» **WHAT YOU HAVE TO DO**: Repeat word for word the lines starting at the one with "Red polo shirt" and ending at the final line of the material, both ends included; omit pictures.

» **DATA EXTRACT**:
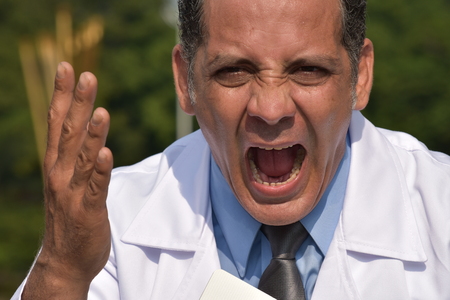 Mad Hispanic Male Doctorの写真素材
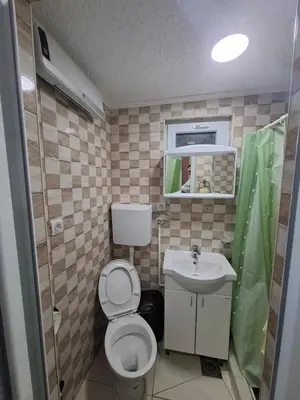 a small bathroom with a toilet and a sink at PODNOZJe KOPAONIKA in Brus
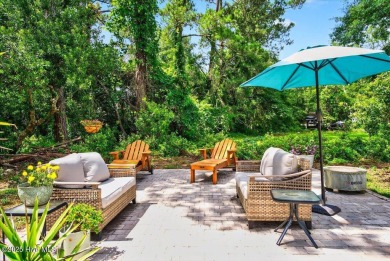 Prepare to be captivated by this extraordinary coastal sanctuary on The Lakes Country Club in North Carolina - for sale on GolfHomes.com, golf home, golf lot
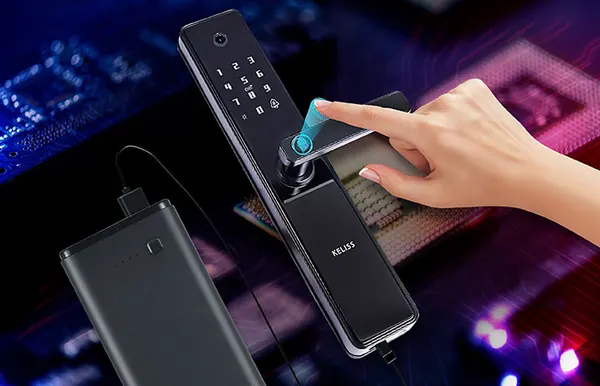 Batteria portatile collegata a una serratura smart mentre un dito tocca il lettore d'impronte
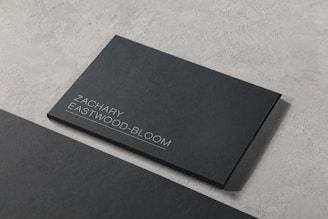 A black business card sitting on top of a table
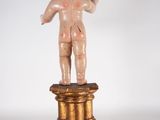 an image of a statue of a child on a pedestal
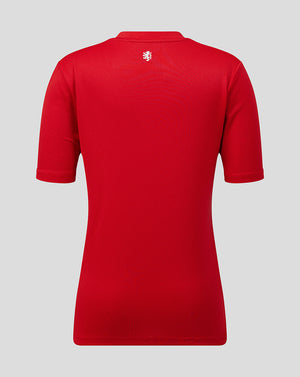 Red polo shirt with a logo on the back against a gray background
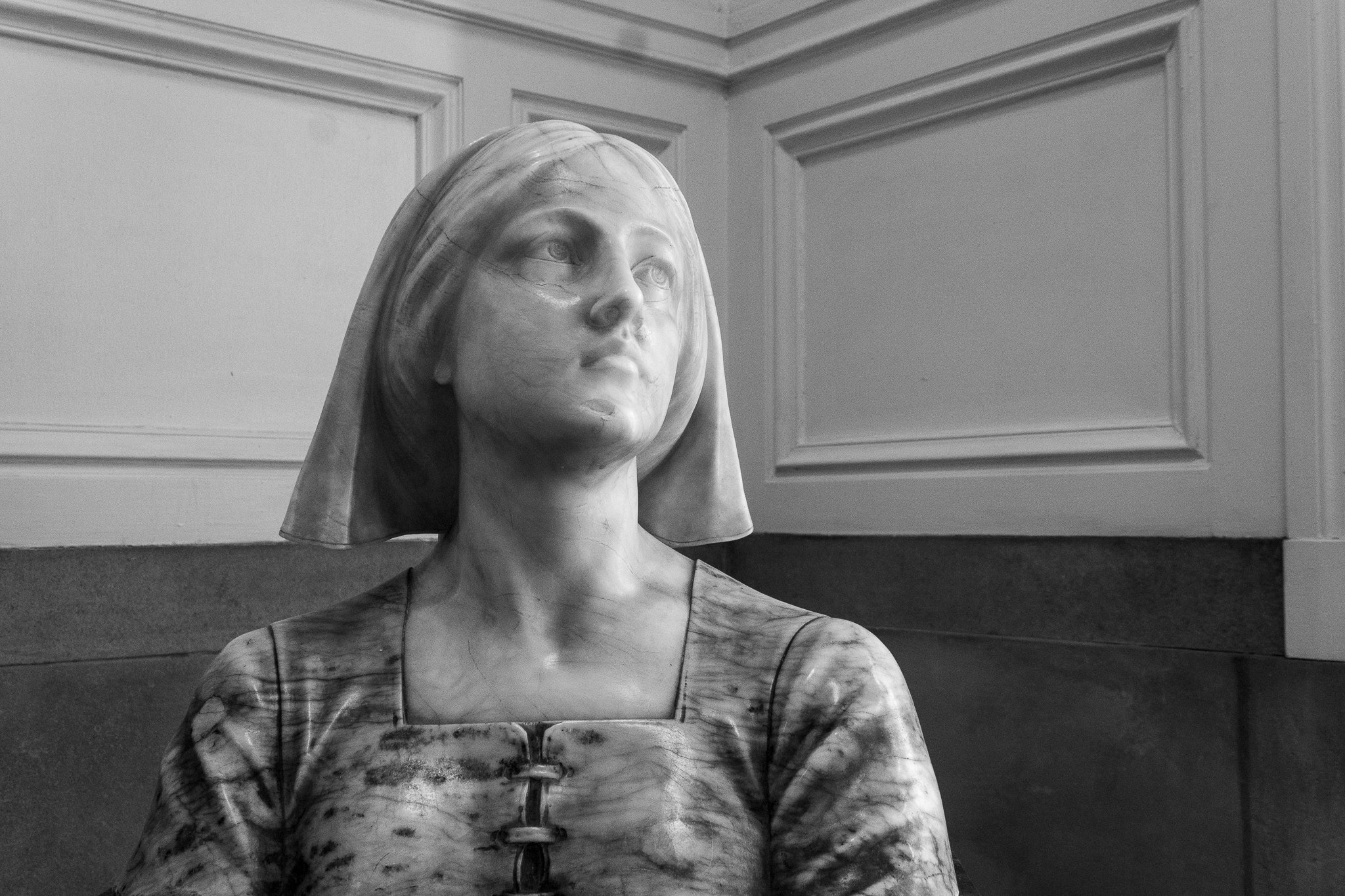 Marble bust of Florence Nightingale as a young woman in a nurse's uniform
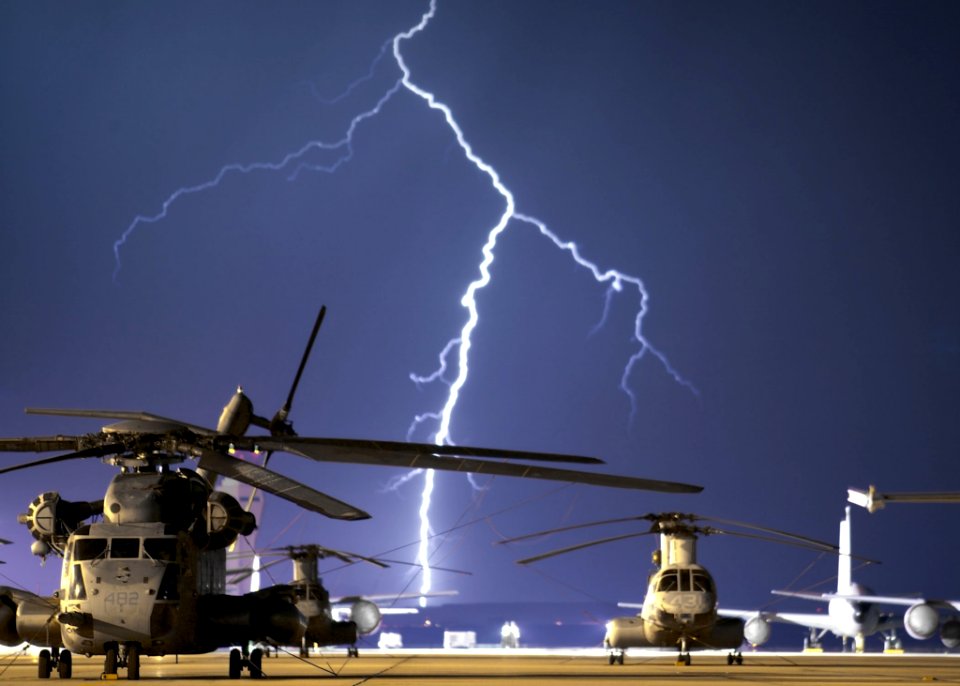 Lightning Near Grey Helicopter During Daytime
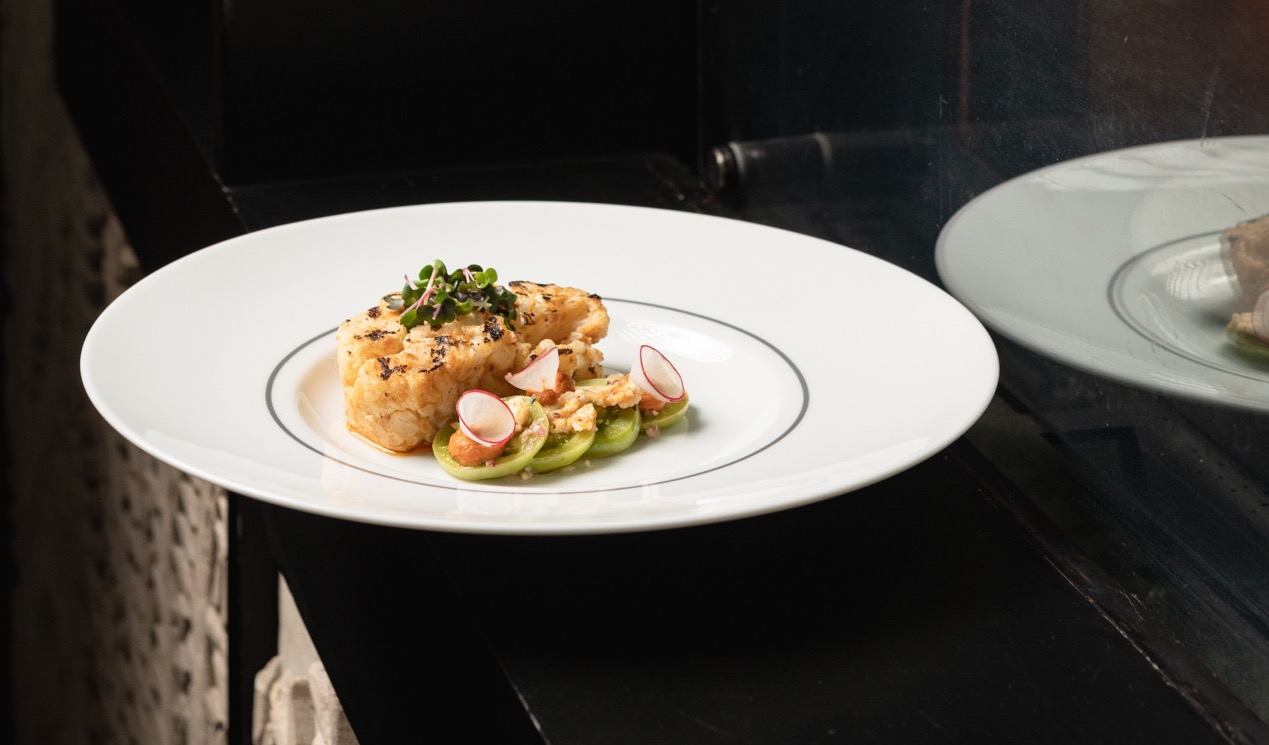 A white plate of food on a dark surface against a black background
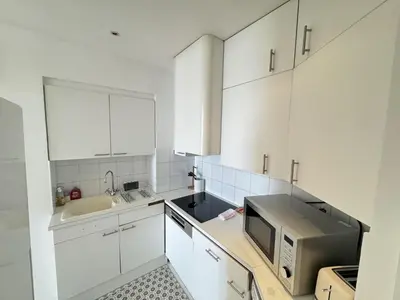 a white kitchen with a sink and a microwave at charmante suite vue mer villa Carmela in Cannes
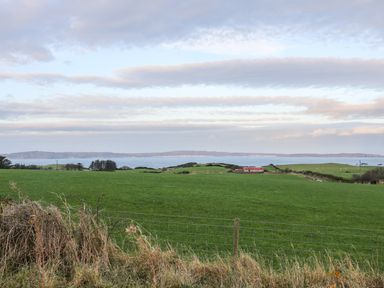 A green field with grass and a fence in the foreground and water and hills in the background at Woodleigh Cottage in Ballycastle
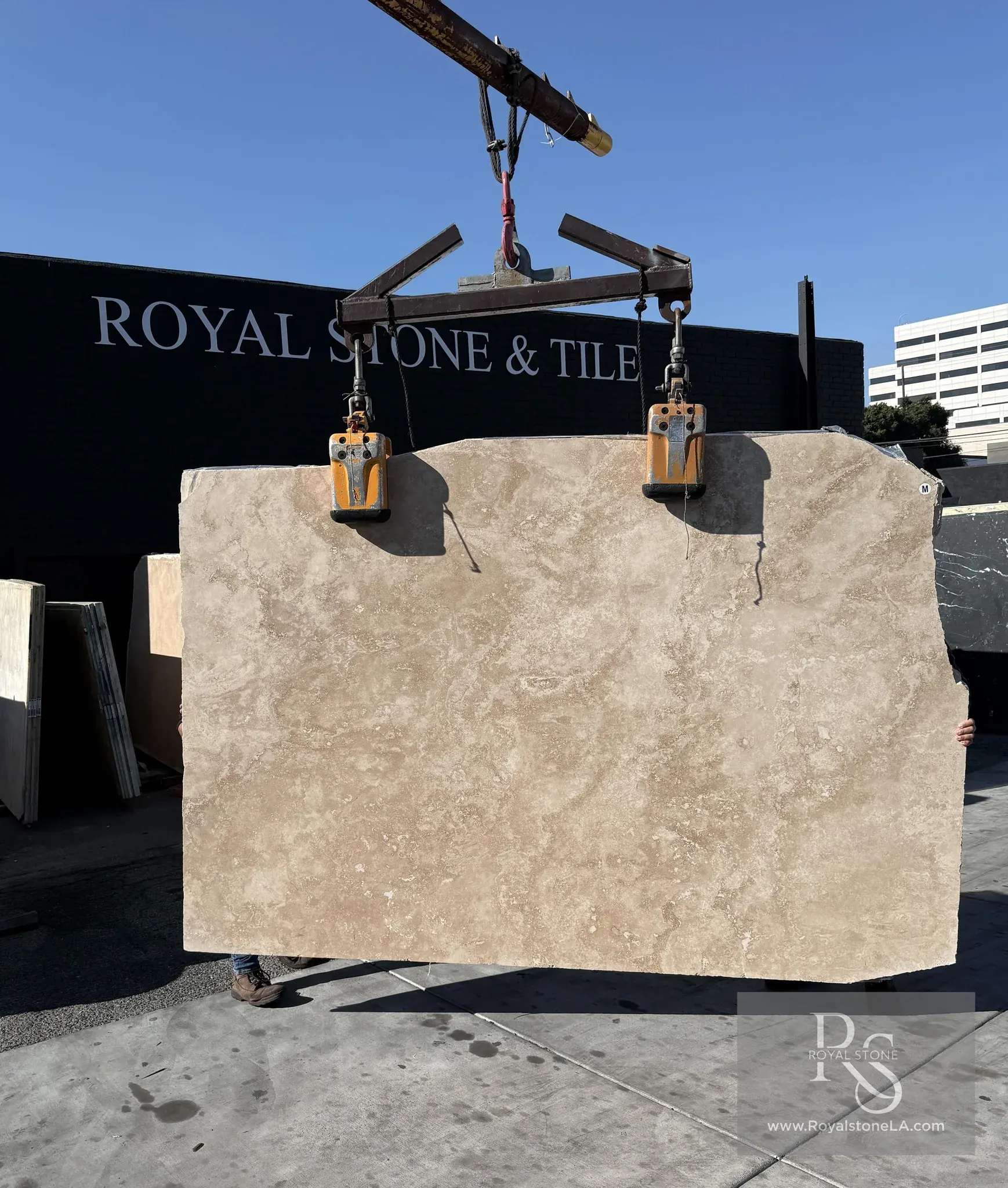2cm Italian travertine cross cut filled and honed slab at Royal Stone Los Angeles, warm cream and oat field with soft cloud-like cross-cut passages and dispersed rust mineral pockets, 72 by 110 inches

» **ANSWER BOX**:
 Red polo shirt with a logo on the back against a gray background
 Marble bust of Florence Nightingale as a young woman in a nurse's uniform
 Lightning Near Grey Helicopter During Daytime
 A white plate of food on a dark surface against a black background
 a white kitchen with a sink and a microwave at charmante suite vue mer villa Carmela in Cannes
 A green field with grass and a fence in the foreground and water and hills in the background at Woodleigh Cottage in Ballycastle
2cm Italian travertine cross cut filled and honed slab at Royal Stone Los Angeles, warm cream and oat field with soft cloud-like cross-cut passages and dispersed rust mineral pockets, 72 by 110 inches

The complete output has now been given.